The 58-year-old has been in charge for 12 years, having taken over after the 2006 World Cup. In 2014 he led Germany to their fourth World Cup title.
He had previously been an assistant to his predecessor Juergen Klinsmann from 2004-2006.
Loew, who prior to Russia had led his country to at least the semi-finals in all major tournaments, said he was “very grateful for the confidence that the DFB continues to place in me.”
“My disappointment is equally big, but I want to start the reconstruction with all my strength. I will now analyse everything with the team, we will have talks and (I) will draw my conclusions prior to the season start in September.”

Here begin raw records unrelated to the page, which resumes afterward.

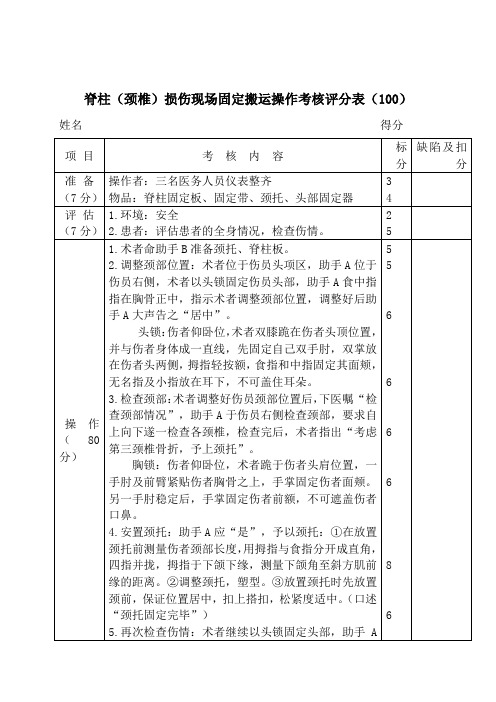 脊柱损伤现场固定搬运操作考核评分表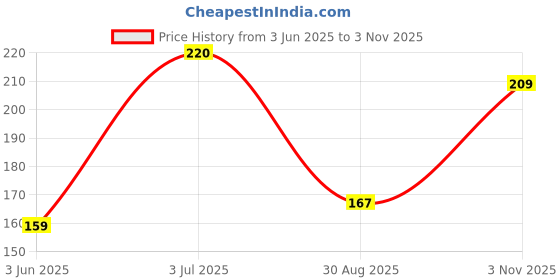 amazon.in Lass Natural Advanced Dark Underarm Whitening-Brightning Cream | For even toned underarms Men & Women | With Niacinmide (50 g) Price History Graph from 3 Jun 2025 to 3 Nov 2025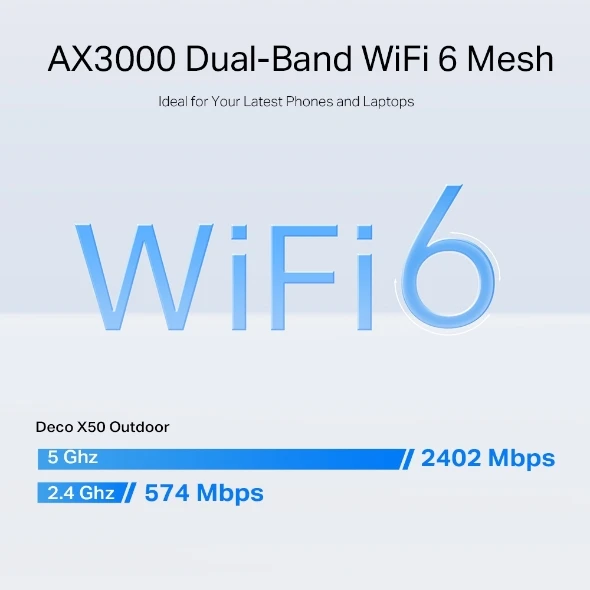 TP-Link Deco X50-Outdoor AX3000 Outdoor Whole Home Mesh WiFi 6 Unit - Image 2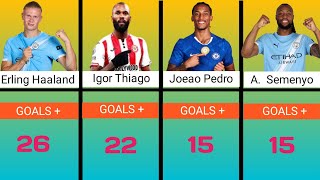 🔵 UNBELIEVABLE SCORERS‼️ ENGLISH PREMIER LEAGUE TOP GOAL SCORER RANKING SEASON 2025/26 #haaland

Germany’s first-round World Cup exit was its earliest in 80 years. The international careers of several of its 2014 champions, including Mesut Ozil, Sami Khedira and Jerome Boateng, remains in doubt.
Loew has been in charge for 165 matches, winning 108, more than any other Germany coach.
Until a few years ago his team were an indomitable attacking force, and their 7-1 demolition of Brazil in the 2014 World Cup semi-final was considered a remarkable achievement.
But they managed just two goals in their three group matches in Russia to exit the tournament in shame, leaving German fans, used to much greater success, bitterly disappointed.